Tunisie/ Code électoral : Pourquoi les recours ont-il été rejetés ?

Publié le Mardi 27 Mai 2014 à 17:20
Vue de la conférenceL’Association Tunisienne du droit constitutionnel a organisé aujourd’hui à Tunis, une conférence pour la lecture des rejets de l’Instance provisoire de contrôle de la constitutionnalité des lois,  des recours concernant les la loi électorale.

Salsabil Klibi, professeur de droit, spécialiste en droit constitutionnel a déclaré que la bataille pour les droits et libertés n’a pas été achevée avec la parution de la constitution : «Car à mon sens la rédaction de la constitution n’est pas encore finie…l’élaboration de la constitution est une opération qui se poursuivra toujours », a-t-elle dit, lors de cette rencontre.

Le recours autour de l’article 34 concernant la question de la parité, représente une question importante selon elle, déclarant que la position de l’Instance présentait une faiblesse de l’obligation de motivation : « L’instance n’a pas estimé nécessaire de motiver certaines de ses décisions de rejet…concernant le principe de parité, l’instance a provoqué une frustration, en n’émettant aucune explication. Elle a répondu au texte de recours qui était de 4 pages, par un texte d’une page », a-t-elle dit, expliquant que l’Instance a justifié son refus par « la présence d’une parité verticale qui n’empêchait pas une parité horizontale, en cas de nécessité ».

La professeure de droit s’est interrogée sur la nature de «la nécessité», auquel faisait allusion l’Instance provisoire du contrôle de la constitutionnalité des lois, déplorant que celle-ci n’ait pas pris la peine d’expliquer cette notion.

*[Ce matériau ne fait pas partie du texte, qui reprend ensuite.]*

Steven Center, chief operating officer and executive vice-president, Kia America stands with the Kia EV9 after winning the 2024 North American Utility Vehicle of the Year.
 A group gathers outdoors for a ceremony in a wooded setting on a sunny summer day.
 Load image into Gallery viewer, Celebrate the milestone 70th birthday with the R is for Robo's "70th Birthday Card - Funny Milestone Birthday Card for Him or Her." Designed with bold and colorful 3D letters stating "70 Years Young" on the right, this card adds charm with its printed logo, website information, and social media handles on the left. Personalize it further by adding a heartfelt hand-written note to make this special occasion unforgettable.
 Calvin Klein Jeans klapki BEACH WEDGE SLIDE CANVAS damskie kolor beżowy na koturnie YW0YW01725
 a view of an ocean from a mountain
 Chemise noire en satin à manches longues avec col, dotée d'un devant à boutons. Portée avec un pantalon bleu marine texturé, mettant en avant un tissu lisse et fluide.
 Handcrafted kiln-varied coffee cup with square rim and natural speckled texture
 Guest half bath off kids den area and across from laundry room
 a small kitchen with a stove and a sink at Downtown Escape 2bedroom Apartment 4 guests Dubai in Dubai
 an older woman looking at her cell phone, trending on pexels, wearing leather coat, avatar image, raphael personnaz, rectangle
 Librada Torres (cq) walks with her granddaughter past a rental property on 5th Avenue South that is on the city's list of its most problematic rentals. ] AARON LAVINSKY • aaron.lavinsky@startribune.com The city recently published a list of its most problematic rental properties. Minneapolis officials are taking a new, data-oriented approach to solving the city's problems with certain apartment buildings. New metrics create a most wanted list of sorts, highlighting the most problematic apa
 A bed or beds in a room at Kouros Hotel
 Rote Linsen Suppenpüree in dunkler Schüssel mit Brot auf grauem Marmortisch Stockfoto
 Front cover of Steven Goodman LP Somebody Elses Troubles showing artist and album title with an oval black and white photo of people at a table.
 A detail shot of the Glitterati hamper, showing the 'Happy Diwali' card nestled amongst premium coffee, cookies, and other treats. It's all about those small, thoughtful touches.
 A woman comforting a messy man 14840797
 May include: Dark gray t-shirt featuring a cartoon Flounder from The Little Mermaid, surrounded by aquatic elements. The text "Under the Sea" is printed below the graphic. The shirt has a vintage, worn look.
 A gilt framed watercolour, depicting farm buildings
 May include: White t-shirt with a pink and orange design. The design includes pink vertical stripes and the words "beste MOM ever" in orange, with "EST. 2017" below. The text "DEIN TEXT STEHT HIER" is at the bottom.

Par ailleurs, la partie ayant déposé le recours a bien expliqué, selon elle, que la parité verticale existait bien dans la loi électorale, « mais ceci n’est en aucun cas, le sujet de son recours», a-t-elle dit.

Selon Salsabil Kelibi, le principe de droits et libertés, exige que l’Etat intervienne pour les garantir.  Mais face au rejet de tous les recours déposés auprès de l’Instance, Salsabil Kelibi a exprimé ce matin son espoir « de ne jamais considérer, un jour, l’instance provisoire comme étant une expérience sérieuse, ou assimilable à un tribunal constitutionnel », selon ses dires.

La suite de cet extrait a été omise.